Сегодня мне кажется, что я кое-что могу предположить на этот счет, но в тот день, в доме Агнона, от избытка наивности я рассказал хозяину дома о порученной мне университетской работе и спросил его – о простодушие! – не согласится ли он открыть мне, в чем же был секрет его сближения с Бреннером?
Господин Агнон прищурился и посмотрел на меня, или, скорее, он не смотрел на меня, а изучал – отстраненно, с легкой улыбкой, так улыбается охотник за бабочками (это-то я понял спустя годы), завидев особенно интересный экземпляр.
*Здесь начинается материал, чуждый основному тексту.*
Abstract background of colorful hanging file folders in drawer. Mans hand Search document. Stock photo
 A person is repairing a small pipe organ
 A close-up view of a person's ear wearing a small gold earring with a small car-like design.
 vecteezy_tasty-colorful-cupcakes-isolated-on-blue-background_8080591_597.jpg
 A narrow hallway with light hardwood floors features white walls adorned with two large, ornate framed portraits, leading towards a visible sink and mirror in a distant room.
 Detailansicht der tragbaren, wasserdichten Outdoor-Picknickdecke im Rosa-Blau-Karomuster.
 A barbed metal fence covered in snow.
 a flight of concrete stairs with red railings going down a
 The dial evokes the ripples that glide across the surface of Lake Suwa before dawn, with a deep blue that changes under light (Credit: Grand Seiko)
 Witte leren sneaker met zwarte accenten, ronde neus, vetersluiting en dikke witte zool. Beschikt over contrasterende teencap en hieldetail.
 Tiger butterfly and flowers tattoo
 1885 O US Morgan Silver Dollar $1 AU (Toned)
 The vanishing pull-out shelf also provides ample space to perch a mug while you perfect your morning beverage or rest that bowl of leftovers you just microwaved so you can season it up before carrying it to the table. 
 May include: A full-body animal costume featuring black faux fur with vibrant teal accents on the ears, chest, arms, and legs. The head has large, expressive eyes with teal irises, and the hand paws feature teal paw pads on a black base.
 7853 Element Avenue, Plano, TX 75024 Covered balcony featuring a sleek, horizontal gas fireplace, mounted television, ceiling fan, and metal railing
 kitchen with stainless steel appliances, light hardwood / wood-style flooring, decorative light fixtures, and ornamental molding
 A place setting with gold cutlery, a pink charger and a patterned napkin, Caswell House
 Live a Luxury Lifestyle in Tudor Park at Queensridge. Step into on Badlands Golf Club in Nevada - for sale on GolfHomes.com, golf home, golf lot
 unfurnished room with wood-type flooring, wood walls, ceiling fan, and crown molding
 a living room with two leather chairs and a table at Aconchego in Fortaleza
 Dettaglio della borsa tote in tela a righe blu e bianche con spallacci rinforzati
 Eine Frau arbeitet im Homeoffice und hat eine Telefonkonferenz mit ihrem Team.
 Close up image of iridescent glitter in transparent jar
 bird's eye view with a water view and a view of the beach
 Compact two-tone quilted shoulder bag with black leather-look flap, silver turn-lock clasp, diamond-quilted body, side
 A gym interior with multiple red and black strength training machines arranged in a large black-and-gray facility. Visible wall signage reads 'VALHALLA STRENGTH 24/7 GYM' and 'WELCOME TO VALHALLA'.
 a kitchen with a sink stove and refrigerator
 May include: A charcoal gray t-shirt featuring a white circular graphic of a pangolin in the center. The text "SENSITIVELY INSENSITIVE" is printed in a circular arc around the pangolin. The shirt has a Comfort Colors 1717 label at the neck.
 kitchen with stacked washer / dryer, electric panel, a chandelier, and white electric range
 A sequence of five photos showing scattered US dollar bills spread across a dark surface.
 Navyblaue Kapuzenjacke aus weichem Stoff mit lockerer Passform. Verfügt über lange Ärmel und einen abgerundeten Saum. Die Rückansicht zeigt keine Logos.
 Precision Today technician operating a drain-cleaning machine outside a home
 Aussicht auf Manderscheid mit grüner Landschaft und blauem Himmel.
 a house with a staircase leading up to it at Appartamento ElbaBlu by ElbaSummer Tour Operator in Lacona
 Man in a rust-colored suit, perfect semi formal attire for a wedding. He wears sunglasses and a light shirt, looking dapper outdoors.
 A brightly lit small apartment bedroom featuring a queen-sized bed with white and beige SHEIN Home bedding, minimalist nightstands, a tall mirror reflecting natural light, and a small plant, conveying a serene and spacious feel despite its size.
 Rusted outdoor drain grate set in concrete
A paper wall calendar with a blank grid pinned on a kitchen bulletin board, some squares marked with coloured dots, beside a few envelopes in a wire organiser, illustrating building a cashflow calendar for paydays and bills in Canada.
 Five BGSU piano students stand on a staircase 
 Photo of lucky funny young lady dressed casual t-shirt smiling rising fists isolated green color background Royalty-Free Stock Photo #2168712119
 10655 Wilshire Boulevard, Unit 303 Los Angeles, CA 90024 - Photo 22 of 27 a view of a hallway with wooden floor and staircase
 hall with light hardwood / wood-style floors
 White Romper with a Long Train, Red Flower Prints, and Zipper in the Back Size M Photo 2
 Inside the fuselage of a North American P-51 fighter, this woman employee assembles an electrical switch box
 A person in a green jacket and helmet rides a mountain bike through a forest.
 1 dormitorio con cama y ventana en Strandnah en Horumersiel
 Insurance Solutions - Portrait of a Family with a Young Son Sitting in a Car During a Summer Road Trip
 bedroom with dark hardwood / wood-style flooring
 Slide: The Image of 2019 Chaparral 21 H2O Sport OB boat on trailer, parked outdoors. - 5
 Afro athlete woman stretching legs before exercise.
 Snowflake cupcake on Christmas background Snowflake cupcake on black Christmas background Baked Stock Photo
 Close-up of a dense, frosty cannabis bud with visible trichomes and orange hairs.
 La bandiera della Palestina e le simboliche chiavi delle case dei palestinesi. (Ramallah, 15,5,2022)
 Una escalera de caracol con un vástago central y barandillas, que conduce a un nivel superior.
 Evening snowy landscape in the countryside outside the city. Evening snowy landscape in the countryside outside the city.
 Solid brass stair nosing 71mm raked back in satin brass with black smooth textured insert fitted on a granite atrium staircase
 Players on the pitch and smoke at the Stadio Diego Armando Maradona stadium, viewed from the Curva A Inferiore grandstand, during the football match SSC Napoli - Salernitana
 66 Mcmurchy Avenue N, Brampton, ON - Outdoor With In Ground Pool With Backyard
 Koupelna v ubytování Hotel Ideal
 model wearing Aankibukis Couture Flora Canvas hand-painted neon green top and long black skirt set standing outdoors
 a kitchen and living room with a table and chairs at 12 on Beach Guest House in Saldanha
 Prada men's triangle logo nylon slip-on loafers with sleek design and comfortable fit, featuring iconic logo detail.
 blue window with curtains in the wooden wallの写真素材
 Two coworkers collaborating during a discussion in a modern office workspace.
Закончив изучать меня, он произнес:
– Между мной и Иосефом Хаимом Бреннером, да отомстит Господь за кровь его, была в те дни близость, основа которой – общая любовь.
Я навострил уши, ибо показалось мне, что вот-вот откроют мне тайну тайн, большую, чем та, что открылась “и последней рабыне”, когда Господь сотворил чудо и раздвинул перед евреями Красное море, – вот-вот развернут передо мною некую интимную историю, никому не известную и пикантную, о которой я тут же напечатаю статью, и статья эта наделает много шума, и наутро я проснусь самым знаменитым из исследователей ивритской литературы.
– И кто же была она, та общая любовь? – спросил я со всей непосредственностью молодости, и сердце мое бешено заколотилось.
– Это большой секрет, – улыбнулся господин Агнон не мне, а, скорее, самому себе. Улыбаясь, он едва ли не подмигнул мне. – Сей великий секрет я поведаю тебе при условии, что ты не сообщишь о нем ни одной живой душе.
От огромного волнения у меня пропал голос – ну можно ли отыскать подобного глупца! – и только губами пообещал я хранить его тайну.
– Итак, скажу тебе по большому секрету, что тогда, в Яффе, любили мы – и Иосеф Хаим Бреннер, и я, – любили мы самой великой любовью Шмуэля Иосефа Агнона.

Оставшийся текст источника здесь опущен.